I know, it makes no sense, hang with me. Think about a two or three people you know that have very low credibility in your eyes or in the eyes of others who know them. Let’s call this group A. I am sure you can think of many blunders or at least one big blunder that led you to dislike them or at least question their credibility. Chances are they have made some poor choices over time and done some things to damage people’s perception of them.
Now think of a few people you do trust, who are generally held in high esteem by most, including yourself. You trust these people and believe in their ability to do the right thing based on their reputation and your experience with them. Let’s call this group B. You may conclude that the difference between these groups would be the number and seriousness of blunders accumulated over time. After all, we are probably tempted to point out fault with the people in group A more quickly, aren’t we? Let’s put that on hold for a minute.
In the financial world, the word “credit” is used to refer to how reliable someone is to be trusted to pay back a loan or debt. When a person makes purchases that they are not able to pay for or take responsibility for, their credit rating goes down based on a complicated formula that smart people came up with.
In the legal world, a “credible” witness is someone who can be counted on to tell the truth under oath. A credible witness has a history of telling the truth. The opposing attorney will often try to “discredit” the witness in order to show they cannot be trusted with responsible testimony.
We all fall short
One thing that both groups A and B have in common that I believe goes largely overlooked is that all of the people have unquestionably lived a life of many blunders and mistakes. They all have made many foolish choices that have hurt others. We all have. No doubt some people are less responsible than others, but we have all fallen short no matter what group we fall into.

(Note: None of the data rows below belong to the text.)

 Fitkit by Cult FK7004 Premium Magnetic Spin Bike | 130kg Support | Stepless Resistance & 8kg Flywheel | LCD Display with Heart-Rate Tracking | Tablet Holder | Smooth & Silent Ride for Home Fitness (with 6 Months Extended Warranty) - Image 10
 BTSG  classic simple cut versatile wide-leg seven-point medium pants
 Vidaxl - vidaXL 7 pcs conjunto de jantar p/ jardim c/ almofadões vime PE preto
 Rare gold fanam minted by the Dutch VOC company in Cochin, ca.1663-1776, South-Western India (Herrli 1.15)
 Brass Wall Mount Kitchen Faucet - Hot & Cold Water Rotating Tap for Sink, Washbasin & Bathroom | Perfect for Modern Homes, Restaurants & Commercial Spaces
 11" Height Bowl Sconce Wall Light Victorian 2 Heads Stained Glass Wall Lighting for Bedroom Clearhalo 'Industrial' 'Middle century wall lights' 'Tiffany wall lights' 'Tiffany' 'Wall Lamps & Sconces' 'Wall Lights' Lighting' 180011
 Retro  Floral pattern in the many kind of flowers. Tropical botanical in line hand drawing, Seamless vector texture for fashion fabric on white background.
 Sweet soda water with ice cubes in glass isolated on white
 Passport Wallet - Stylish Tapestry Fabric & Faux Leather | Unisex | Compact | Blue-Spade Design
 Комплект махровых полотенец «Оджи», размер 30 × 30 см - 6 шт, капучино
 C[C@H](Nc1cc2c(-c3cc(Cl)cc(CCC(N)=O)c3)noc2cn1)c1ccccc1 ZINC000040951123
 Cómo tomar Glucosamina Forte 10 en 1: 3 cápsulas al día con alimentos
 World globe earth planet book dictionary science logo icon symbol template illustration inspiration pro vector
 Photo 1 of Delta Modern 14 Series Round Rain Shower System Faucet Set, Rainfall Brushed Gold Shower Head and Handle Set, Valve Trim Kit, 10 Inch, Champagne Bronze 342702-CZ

Why is it that we tend to remember the blunders coming from the people in group A more easily than group B?
I am not a genius when it comes to banking and finances, but I know that advisors will tell you that it is good to use a credit card verses cash if you wish to build up credit (assuming you can pay if off as you go). I think the idea is to build up a track record of being responsible with a debt you owe. The more you borrow and pay back the more others will be willing to loan to you. You are building trust and credibility.
Now let’s take a deeper look into group A. If their credibility is low, chances are it has taken a hit because of their history of not being responsible for outstanding debts(wrong doing) they have acquired or because of their blunders that go unclaimed.
Some people view mistakes or blunders as horrible acts or events that define them and make a statement about their personal worth or value. When their mistake is pinned on them they take it very personally and their self-esteem takes a hit. They will do most anything to avoid it.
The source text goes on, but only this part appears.